### Task to carry out
Extract the lines from the first one in the records below through the line containing "Will Dubbing Films", keeping both ends and leaving out any pictures.

### Data to process
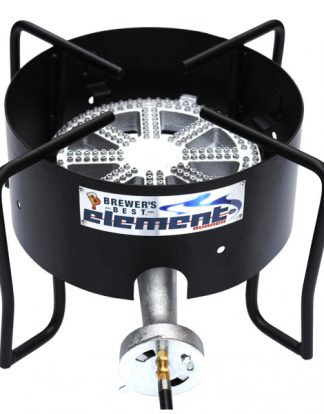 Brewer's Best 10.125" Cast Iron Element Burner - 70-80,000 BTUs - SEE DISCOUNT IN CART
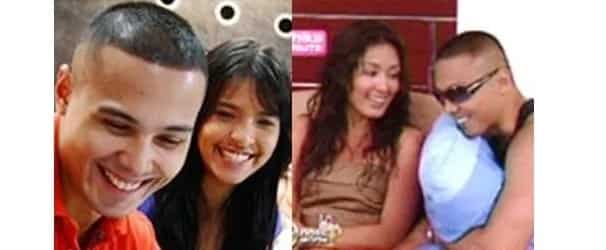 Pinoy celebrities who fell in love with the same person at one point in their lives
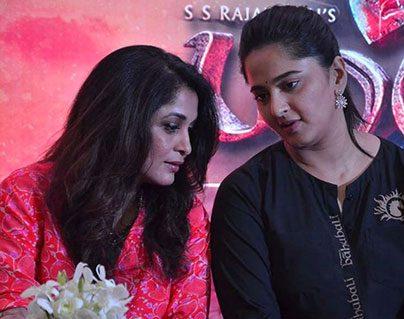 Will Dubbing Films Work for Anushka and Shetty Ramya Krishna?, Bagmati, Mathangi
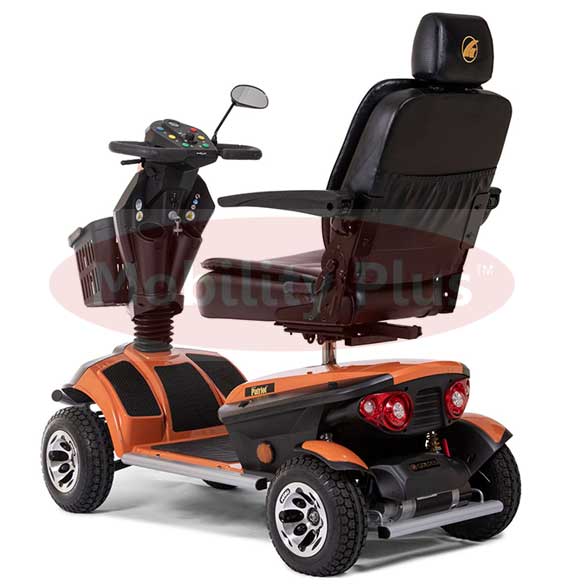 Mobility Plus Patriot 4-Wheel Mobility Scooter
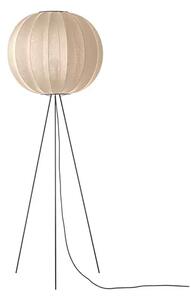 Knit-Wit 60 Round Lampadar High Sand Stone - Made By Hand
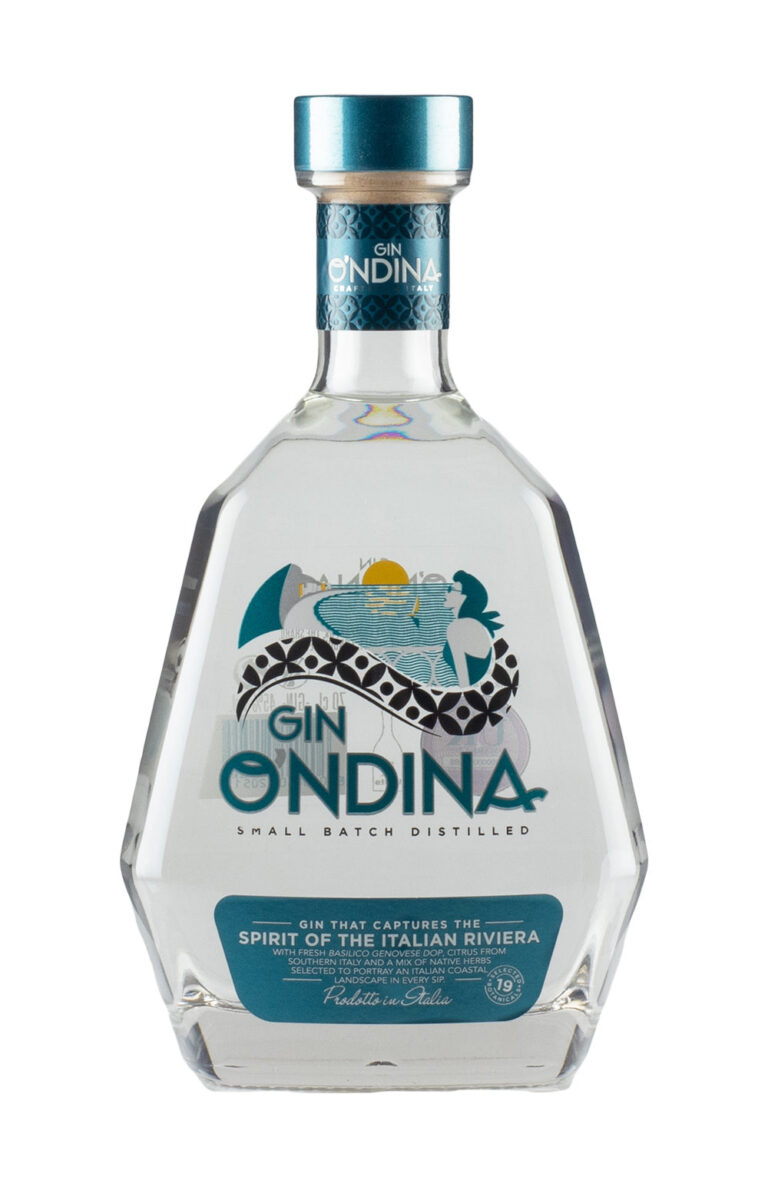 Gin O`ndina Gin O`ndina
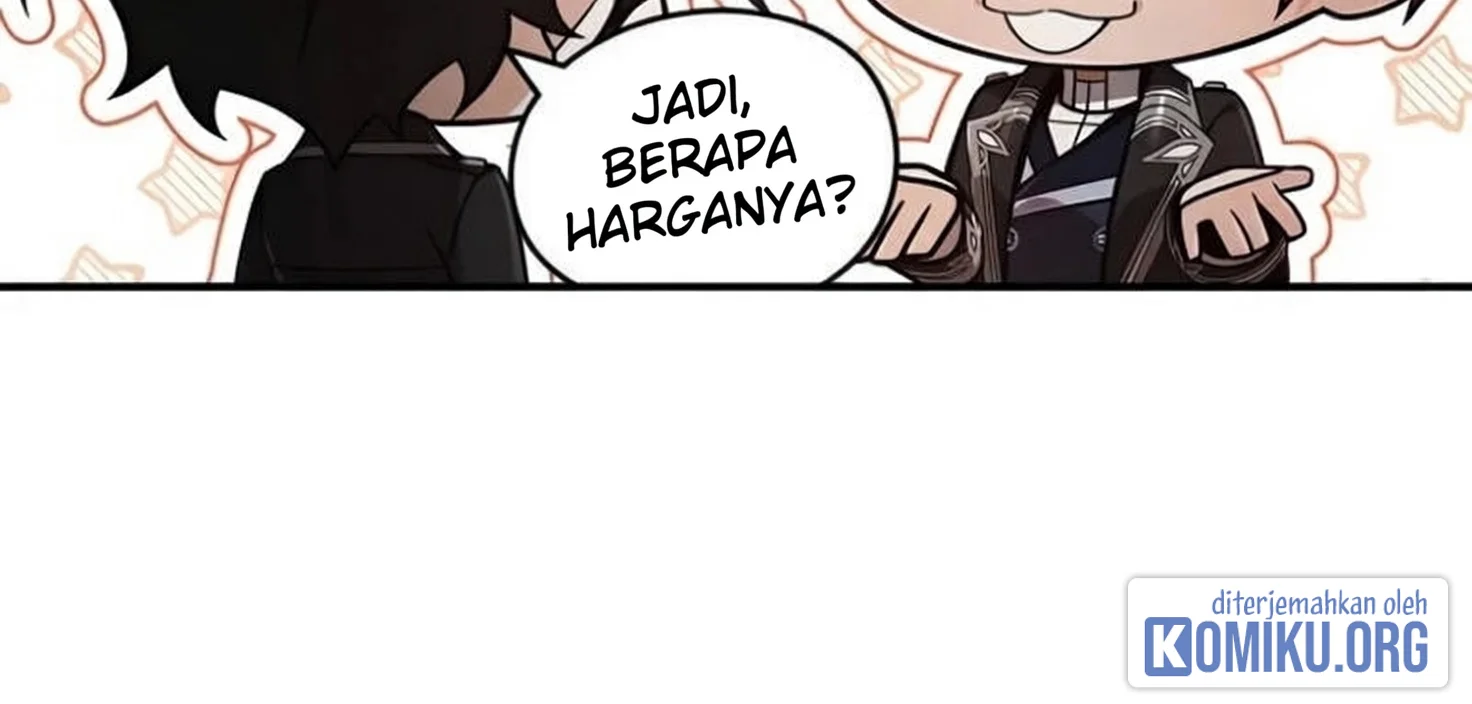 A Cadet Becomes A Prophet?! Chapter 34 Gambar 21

### Answer space
 Brewer's Best 10.125" Cast Iron Element Burner - 70-80,000 BTUs - SEE DISCOUNT IN CART
 Pinoy celebrities who fell in love with the same person at one point in their lives
 Will Dubbing Films Work for Anushka and Shetty Ramya Krishna?, Bagmati, Mathangi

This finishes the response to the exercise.